Reproduce the listing verbatim through the line with "Cosmogym logo - Similar".
== == ==
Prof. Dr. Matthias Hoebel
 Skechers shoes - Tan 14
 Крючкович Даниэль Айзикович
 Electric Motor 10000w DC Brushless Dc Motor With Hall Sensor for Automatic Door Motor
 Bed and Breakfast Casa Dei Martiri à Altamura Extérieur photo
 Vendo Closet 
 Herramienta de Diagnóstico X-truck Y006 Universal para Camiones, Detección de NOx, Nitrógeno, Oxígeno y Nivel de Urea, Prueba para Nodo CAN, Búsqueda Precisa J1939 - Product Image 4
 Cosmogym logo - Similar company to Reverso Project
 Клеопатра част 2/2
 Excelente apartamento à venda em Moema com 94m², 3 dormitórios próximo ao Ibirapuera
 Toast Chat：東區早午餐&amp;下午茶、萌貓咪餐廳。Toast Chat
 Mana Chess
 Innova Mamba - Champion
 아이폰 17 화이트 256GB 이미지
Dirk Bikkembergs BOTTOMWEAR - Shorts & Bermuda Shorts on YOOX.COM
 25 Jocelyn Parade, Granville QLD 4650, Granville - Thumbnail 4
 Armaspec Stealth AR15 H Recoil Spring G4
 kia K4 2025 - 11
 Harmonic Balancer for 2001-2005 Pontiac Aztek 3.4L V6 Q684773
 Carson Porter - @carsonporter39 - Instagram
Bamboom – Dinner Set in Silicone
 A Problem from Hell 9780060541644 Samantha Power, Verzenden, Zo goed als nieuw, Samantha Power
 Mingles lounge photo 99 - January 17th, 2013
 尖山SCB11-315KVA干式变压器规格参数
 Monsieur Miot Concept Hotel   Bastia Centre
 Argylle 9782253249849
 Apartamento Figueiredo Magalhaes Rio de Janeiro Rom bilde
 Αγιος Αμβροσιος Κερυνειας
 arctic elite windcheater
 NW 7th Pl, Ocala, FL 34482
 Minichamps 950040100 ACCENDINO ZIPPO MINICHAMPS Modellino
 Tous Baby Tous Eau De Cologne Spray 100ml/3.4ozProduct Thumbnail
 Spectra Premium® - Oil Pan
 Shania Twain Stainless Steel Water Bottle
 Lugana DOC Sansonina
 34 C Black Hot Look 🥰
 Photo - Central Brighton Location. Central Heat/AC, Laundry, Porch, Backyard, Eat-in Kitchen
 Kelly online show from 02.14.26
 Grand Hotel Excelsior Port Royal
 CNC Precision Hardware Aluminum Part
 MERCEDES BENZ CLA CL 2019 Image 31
== == ==
### Response
Prof. Dr. Matthias Hoebel
 Skechers shoes - Tan 14
 Крючкович Даниэль Айзикович
 Electric Motor 10000w DC Brushless Dc Motor With Hall Sensor for Automatic Door Motor
 Bed and Breakfast Casa Dei Martiri à Altamura Extérieur photo
 Vendo Closet 
 Herramienta de Diagnóstico X-truck Y006 Universal para Camiones, Detección de NOx, Nitrógeno, Oxígeno y Nivel de Urea, Prueba para Nodo CAN, Búsqueda Precisa J1939 - Product Image 4
 Cosmogym logo - Similar company to Reverso Project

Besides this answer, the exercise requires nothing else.